Ventes aux enchères

Enquête

Des millionnaires pour le XVIIIe

Le marché du mobilier d’exception, qui continue à enregistrer des records, est animé par une poignée d’acheteurs.

Il fut un temps, au début du XXe siècle, où afficher son opulence était du meilleur ton, et des collectionneurs dépensaient des fortunes en art décoratif français, depuis les tapisseries et les Sèvres jusqu’aux meubles XVIIIe destinés à la Cour. « Avant la Seconde Guerre mondiale, les objets d’art les plus chers n’étaient pas les tableaux, mais les pièces d’art décoratif estampillées, infiniment mieux appréciées à cette époque », assure Robin Woodhead, directeur de Sotheby’s pour l’Europe et l’Asie.

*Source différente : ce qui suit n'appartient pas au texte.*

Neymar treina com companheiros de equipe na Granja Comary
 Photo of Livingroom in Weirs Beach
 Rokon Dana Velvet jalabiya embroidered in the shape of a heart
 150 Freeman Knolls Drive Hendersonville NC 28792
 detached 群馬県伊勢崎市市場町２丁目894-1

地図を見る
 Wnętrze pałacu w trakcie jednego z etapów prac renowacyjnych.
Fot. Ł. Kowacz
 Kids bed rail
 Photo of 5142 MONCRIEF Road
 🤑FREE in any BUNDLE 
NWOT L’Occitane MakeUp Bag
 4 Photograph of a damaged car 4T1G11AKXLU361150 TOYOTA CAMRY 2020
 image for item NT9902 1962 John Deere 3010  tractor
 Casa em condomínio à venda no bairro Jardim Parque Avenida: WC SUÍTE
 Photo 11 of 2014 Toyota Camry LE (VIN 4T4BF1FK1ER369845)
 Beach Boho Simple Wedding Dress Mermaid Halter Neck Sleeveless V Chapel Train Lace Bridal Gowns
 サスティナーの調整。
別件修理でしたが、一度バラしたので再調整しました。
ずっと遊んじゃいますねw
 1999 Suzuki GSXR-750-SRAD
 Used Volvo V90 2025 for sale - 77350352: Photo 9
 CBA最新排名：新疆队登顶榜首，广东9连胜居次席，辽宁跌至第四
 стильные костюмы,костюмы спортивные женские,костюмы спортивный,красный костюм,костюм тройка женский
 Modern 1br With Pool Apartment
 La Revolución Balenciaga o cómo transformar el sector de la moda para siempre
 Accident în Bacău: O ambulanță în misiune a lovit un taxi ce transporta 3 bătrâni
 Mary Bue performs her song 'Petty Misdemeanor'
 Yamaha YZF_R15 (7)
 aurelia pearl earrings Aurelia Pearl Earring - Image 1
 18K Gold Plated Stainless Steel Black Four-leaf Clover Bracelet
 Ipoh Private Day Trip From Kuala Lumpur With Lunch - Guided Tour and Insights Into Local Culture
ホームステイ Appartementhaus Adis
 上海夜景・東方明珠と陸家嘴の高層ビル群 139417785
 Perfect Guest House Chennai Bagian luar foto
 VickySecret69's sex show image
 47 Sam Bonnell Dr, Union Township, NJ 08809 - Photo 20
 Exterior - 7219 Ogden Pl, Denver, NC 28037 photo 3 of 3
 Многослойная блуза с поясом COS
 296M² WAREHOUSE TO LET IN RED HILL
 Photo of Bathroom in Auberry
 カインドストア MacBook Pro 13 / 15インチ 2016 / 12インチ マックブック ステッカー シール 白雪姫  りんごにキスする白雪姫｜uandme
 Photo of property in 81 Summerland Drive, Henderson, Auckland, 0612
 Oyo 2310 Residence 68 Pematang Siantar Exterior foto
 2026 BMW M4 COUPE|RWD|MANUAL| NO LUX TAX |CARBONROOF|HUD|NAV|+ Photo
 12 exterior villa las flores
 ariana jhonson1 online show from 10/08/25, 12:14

Les temps ont bien changé. Le meilleur ton d’aujourd’hui, c’est l’art contemporain, qui ne cesse de s’afficher comme le secteur du marché de l’art le plus en expansion. Il serait pourtant prématuré d’éliminer définitivement les arts décoratifs traditionnels, nombre de ventes ayant démontré en 2005 que ce domaine peut encore donner lieu à des adjudications extraordinaires, mais seulement pour les meilleures pièces, et issues de préférence de collections particulières.

En juillet 2005, Christie’s a dispersé la collection d’Antonio Champalimaud, financier portugais aux goûts très conventionnels. Les enchères furent élevées : une commode Louis XVI en ébène et laque à parements de bronze doré, due à l’ébéniste Saunier et jadis possédée par William Beckford et le duc de Buccleuch, a été adjugée 2,4 millions de livres sterling (3,5 millions d’euros), et une paire de chandeliers Louis XVI à cinq branches en bronze doré un million de livres (1,46 million d’euros).

Meubles Boulle
En novembre, Sotheby’s a vendu plus de 650 lots de meubles et objets d’art de la collection du financier disparu Edmond Safra et de sa femme, Lily, longtemps parmi les plus gros collectionneurs d’art décoratif français (qu’ils achetaient à des prix extravagants). Dans cette vente, un bureau plat Louis XVI en ébène accompagné de son cartonnier – peut-être le premier meuble de classement mobile jamais créé –, attribué à Joseph Baumhauer, a été adjugé 4,7 millions de dollars (3,96 millions d’euros).

En décembre, la maison de ventes Artcurial a proposé à Paris un ensemble réduit, mais bien choisi, de meubles de la collection de Jean Rossignol, et a enregistré trois enchères de plus d’un million d’euros. Un bureau Louis XV estampillé Joseph et incrusté de plaques de Sèvres a été acquis 6,8 millions d’euros, six fois son estimation haute. Christie’s a terminé l’année avec la vente Wildenstein, au cours de laquelle cinq meubles Boulle ont dépassé le million d’euros (lire le JdA no 228, 6 janvier 2006).

« Ambiance stimulante »
Qui sont donc ces nouveaux collectionneurs qui reprennent le flambeau du marchand d’armes syrien Akram Ojjeh, du banquier Edmond Safra et du millionnaire iranien Djahanguir Riahi ? Selon les marchands, les collectionneurs privés s’emparent de la quasi-totalité des lots dépassant le million d’euros en vente publique. « Ces acheteurs sont des collectionneurs, les marchands ne peuvent plus acheter en vente publique, affirme Tony Ingrao, marchand à Manhattan. Là, les gens paient beaucoup plus cher qu’en galerie, à cause de l’ambiance stimulante de la salle et du goût pour la compétition de la plupart des enchérisseurs, et les marchands ne tirent aucun profit des salles de ventes. »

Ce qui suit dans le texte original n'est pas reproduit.